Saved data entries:
┄┄┄┄┄┄┄┄┄┄

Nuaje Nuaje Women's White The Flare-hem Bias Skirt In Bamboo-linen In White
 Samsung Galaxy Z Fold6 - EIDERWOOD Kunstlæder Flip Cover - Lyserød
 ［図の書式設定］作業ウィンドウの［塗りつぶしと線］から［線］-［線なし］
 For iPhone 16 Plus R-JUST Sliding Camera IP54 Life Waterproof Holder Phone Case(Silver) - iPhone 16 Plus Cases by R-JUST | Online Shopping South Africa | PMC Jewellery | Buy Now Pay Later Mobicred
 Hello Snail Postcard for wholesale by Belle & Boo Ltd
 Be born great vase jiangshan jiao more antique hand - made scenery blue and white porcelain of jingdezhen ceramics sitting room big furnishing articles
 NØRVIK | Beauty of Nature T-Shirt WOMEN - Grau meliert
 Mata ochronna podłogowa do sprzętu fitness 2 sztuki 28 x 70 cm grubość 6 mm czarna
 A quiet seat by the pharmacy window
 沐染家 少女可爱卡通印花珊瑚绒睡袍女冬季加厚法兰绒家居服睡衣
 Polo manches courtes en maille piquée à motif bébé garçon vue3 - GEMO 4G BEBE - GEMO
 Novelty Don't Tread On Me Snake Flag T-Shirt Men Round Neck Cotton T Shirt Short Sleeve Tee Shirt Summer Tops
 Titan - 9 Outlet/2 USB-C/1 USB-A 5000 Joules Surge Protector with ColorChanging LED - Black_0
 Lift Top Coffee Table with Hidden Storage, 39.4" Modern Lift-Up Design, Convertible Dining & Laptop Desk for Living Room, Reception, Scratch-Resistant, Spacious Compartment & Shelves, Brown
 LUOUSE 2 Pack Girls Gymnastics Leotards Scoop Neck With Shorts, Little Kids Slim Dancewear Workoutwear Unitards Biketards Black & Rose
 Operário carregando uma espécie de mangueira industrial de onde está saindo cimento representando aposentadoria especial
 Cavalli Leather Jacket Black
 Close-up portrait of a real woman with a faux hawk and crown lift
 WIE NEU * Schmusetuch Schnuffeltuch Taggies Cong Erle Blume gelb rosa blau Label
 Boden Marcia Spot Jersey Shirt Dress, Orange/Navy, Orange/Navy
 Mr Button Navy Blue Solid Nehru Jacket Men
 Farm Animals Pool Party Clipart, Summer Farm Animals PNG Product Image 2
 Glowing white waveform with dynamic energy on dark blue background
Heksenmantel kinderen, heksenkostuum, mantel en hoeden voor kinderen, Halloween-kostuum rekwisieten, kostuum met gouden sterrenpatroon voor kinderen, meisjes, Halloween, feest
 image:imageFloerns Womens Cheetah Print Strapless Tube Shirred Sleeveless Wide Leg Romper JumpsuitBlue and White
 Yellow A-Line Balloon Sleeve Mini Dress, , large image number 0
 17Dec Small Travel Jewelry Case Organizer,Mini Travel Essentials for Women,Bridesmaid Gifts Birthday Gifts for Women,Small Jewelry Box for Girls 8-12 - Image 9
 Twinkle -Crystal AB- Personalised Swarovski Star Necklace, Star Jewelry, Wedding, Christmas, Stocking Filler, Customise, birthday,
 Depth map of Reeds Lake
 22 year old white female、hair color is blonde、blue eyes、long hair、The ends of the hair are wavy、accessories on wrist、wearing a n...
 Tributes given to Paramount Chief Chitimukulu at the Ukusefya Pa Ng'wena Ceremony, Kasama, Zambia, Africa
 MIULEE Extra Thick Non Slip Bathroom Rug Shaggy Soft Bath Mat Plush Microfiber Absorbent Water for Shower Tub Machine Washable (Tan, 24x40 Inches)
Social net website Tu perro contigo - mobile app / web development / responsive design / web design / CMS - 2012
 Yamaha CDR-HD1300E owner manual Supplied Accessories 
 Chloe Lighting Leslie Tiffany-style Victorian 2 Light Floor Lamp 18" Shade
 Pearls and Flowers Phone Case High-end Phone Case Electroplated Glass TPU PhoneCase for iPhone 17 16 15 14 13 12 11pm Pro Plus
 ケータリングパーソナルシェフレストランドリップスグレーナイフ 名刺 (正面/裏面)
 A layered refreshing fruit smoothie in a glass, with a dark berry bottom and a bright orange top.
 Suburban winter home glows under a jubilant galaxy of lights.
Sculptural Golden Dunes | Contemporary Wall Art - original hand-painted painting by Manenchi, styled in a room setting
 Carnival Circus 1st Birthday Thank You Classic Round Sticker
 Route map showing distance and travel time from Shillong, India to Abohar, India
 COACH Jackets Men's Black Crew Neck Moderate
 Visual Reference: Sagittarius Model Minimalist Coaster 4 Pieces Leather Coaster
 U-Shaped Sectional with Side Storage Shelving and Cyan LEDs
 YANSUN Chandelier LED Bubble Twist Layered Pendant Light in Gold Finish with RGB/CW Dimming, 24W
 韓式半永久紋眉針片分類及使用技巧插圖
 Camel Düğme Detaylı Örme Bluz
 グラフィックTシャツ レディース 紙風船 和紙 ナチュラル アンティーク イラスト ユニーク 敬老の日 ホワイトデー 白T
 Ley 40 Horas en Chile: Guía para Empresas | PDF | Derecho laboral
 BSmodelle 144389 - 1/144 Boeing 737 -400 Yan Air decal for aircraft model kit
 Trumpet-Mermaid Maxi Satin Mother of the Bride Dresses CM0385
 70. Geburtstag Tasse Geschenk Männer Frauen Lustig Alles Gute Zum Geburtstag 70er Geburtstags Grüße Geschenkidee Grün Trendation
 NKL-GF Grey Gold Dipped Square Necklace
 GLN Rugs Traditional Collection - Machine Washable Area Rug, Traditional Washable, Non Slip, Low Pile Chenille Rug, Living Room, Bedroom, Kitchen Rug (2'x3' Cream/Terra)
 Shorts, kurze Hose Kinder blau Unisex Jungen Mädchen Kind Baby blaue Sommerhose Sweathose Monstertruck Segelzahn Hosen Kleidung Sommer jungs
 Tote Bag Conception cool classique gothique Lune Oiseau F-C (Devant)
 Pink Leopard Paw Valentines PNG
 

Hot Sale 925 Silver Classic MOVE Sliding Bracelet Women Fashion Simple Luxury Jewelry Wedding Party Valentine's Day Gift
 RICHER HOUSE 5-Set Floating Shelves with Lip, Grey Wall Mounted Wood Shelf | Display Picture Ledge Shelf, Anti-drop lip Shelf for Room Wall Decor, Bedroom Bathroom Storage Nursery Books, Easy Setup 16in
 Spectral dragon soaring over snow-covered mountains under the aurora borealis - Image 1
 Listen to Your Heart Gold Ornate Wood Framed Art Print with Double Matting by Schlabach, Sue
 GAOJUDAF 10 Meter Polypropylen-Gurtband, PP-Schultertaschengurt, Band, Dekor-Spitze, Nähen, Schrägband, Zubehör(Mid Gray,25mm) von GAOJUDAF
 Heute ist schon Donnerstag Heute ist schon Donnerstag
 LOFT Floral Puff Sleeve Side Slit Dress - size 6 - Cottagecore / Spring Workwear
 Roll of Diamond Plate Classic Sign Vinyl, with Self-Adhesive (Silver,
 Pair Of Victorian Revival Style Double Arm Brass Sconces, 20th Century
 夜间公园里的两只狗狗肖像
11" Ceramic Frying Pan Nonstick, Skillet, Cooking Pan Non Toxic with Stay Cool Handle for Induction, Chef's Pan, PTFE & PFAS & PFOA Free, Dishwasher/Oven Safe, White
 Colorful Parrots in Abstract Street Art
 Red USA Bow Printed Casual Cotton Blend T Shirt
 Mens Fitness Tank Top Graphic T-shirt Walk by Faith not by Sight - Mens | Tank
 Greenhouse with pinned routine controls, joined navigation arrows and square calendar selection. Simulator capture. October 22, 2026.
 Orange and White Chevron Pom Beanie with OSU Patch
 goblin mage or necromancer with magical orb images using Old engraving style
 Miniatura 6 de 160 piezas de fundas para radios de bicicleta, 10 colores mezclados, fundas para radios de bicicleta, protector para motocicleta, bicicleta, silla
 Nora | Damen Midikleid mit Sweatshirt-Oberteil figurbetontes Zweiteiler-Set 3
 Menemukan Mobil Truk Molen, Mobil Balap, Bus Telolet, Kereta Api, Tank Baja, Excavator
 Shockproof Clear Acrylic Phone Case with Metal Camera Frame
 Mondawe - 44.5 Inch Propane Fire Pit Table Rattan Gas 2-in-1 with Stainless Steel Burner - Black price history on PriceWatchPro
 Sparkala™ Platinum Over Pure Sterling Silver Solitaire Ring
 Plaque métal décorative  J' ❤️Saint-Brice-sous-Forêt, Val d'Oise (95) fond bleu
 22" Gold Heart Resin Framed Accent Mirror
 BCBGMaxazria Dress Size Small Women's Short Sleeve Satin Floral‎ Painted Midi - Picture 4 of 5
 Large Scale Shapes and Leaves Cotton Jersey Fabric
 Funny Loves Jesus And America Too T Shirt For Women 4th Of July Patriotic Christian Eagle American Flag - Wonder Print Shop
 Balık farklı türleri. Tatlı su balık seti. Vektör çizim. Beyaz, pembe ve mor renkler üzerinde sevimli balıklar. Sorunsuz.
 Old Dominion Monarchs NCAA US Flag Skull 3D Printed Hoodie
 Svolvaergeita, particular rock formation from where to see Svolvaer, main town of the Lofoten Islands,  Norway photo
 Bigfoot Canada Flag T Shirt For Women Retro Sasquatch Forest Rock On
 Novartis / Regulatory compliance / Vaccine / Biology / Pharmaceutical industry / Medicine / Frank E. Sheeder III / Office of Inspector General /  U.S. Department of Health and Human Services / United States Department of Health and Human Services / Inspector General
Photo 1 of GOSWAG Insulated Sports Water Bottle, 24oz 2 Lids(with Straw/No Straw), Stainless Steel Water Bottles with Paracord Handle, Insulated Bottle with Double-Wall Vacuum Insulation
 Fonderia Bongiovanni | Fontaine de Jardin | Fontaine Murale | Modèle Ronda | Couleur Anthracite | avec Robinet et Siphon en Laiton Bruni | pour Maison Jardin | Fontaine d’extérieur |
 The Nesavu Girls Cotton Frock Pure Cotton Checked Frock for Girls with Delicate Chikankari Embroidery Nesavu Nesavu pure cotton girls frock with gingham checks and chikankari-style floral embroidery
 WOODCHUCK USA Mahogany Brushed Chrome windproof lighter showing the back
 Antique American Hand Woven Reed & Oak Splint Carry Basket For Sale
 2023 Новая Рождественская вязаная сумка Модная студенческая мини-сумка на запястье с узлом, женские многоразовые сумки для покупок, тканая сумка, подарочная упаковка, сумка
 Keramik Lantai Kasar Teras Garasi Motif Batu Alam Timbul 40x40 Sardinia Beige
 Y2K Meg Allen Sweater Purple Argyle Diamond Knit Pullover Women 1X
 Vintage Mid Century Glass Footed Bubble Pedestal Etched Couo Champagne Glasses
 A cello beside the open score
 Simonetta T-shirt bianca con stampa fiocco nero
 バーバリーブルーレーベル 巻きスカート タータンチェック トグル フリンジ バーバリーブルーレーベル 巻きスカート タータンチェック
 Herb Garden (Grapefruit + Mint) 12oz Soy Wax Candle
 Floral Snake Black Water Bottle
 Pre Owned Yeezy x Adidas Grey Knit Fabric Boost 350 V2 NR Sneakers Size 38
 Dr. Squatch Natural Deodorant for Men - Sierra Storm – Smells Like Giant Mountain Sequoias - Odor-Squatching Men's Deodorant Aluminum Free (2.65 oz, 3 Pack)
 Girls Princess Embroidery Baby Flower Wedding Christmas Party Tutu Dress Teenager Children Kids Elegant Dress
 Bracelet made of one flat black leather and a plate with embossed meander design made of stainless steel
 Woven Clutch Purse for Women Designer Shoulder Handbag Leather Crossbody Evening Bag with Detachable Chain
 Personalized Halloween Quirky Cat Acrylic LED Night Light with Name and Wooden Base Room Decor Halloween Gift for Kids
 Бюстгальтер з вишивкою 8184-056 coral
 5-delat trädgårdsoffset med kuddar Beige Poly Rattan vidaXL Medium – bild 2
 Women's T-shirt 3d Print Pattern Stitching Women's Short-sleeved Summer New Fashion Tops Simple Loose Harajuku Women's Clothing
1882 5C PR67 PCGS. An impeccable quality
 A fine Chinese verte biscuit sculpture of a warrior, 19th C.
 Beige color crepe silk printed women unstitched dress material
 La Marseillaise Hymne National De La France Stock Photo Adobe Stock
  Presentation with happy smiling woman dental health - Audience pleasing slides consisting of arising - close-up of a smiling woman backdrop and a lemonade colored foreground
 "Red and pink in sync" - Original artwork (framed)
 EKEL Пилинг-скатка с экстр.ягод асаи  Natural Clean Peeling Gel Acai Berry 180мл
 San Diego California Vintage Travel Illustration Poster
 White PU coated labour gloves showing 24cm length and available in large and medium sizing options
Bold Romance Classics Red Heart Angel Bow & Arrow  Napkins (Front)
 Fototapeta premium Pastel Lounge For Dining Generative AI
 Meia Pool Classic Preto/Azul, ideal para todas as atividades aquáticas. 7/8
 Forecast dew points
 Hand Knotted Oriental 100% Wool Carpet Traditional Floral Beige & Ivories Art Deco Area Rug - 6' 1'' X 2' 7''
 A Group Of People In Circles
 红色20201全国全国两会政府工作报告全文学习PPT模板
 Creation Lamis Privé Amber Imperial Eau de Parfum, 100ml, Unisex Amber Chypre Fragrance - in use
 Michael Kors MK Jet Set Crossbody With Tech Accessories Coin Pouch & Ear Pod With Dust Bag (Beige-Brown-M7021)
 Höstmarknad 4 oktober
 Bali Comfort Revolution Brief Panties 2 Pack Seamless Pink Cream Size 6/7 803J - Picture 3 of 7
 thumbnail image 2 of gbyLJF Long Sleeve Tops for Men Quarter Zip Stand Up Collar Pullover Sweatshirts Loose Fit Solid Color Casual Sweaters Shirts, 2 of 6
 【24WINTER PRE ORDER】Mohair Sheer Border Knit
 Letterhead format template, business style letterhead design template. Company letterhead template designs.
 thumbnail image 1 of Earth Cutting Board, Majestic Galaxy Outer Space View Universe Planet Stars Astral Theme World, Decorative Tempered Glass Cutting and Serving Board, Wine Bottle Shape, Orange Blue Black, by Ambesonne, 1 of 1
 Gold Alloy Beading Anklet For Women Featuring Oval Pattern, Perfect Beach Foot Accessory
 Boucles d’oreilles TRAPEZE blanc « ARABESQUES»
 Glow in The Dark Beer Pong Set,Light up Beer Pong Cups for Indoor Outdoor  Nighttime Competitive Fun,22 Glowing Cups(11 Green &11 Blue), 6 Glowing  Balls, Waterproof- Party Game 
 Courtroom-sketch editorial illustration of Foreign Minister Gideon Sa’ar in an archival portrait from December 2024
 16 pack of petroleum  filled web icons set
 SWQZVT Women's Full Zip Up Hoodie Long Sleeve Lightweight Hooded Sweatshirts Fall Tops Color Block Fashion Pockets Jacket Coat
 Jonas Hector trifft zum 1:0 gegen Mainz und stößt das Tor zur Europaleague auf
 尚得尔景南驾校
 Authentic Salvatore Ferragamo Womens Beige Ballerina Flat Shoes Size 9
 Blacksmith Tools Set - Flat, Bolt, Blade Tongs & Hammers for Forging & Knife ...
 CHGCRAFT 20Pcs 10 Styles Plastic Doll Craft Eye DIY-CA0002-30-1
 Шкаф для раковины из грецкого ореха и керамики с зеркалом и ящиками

┄┄┄┄┄┄┄┄┄┄

What you have to do: Copy out the range of lines above starting at the line with "GAOJUDAF 10 Meter" and ending at the line with "goblin mage or", exactly and including both.

Exercise result:
 GAOJUDAF 10 Meter Polypropylen-Gurtband, PP-Schultertaschengurt, Band, Dekor-Spitze, Nähen, Schrägband, Zubehör(Mid Gray,25mm) von GAOJUDAF
 Heute ist schon Donnerstag Heute ist schon Donnerstag
 LOFT Floral Puff Sleeve Side Slit Dress - size 6 - Cottagecore / Spring Workwear
 Roll of Diamond Plate Classic Sign Vinyl, with Self-Adhesive (Silver,
 Pair Of Victorian Revival Style Double Arm Brass Sconces, 20th Century
 夜间公园里的两只狗狗肖像
11" Ceramic Frying Pan Nonstick, Skillet, Cooking Pan Non Toxic with Stay Cool Handle for Induction, Chef's Pan, PTFE & PFAS & PFOA Free, Dishwasher/Oven Safe, White
 Colorful Parrots in Abstract Street Art
 Red USA Bow Printed Casual Cotton Blend T Shirt
 Mens Fitness Tank Top Graphic T-shirt Walk by Faith not by Sight - Mens | Tank
 Greenhouse with pinned routine controls, joined navigation arrows and square calendar selection. Simulator capture. October 22, 2026.
 Orange and White Chevron Pom Beanie with OSU Patch
 goblin mage or necromancer with magical orb images using Old engraving style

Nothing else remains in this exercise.